O. R : Avec ces nouvelles pédagogies que voulez-vous apprendre à vos étudiants ?
J-F.F : Nous devons leur apprendre à apprendre pour qu’ils deviennent autonomes. Leur apprendre à développer leur sens critique, les perturber intellectuellement. Tout cela parce que nous allons les lancer pour 30 ou 50 ans sur un marché du travail où il est difficile de savoir où ils iront. Songez à un automobiliste qui sombrerait dans le coma à la veille de la chute du mur de Berlin et en sortirait aujourd’hui : il découvrirait un monde qui a totalement changé. Nous sommes dans un monde qui accélère et il faut donner à nos étudiants les moyens d’évoluer.
O. R : L’école du futur que vous décrivez sur votre blog c’est l’école de l’évolution permanente ?
J-F.F : On va assister à un grand retour de la culture générale, oh il ne s’agira pas de lire Platon dans le texte mais d’avoir un esprit critique. Il faudra aussi beaucoup mieux exploiter tout ce que l’étudiant apprend en dehors des salles de classe, qu’il s’agisse de stages, de séjours à l’étranger, etc. Enfin, dans le cadre de l’école, il faut plus travailler sur les stratégies de management et le développement personnel de l’élève, comme nous le faisons ici dans le cadre d’ateliers de théâtre ou d’écriture par exemple.
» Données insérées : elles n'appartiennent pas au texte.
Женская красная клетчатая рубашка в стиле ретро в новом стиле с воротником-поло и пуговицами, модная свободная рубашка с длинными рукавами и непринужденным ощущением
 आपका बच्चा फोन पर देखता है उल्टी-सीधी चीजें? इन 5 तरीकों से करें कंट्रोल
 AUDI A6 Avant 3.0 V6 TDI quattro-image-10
O. R : La forme même des salles de cours et des amphis n’empêche-t-elle pas aux enseignements d’être plus interactifs ?
J-F.F : Il ne faut pas généraliser, certaines disciplines se prêtent plus aux innovations que d’autres. Le principe auquel nous devrons arriver est que tous les étudiants puissent assister et intervenir dans les cours, qu’ils soient sur notre campus, ailleurs en France ou à l’étranger. Et ceux qui ne peuvent pas y accéder en direct devront pouvoir le voir quand ils le souhaiteront. Il faudra arriver à une captation automatique de tous nos cours et à leur mise en ligne quasi immédiate. Nous entrons dans un univers où la salle de classe est mondiale avec des étudiants de plus en plus hétérogènes, qu’il s’agisse de leur origine ou de leur nationalité.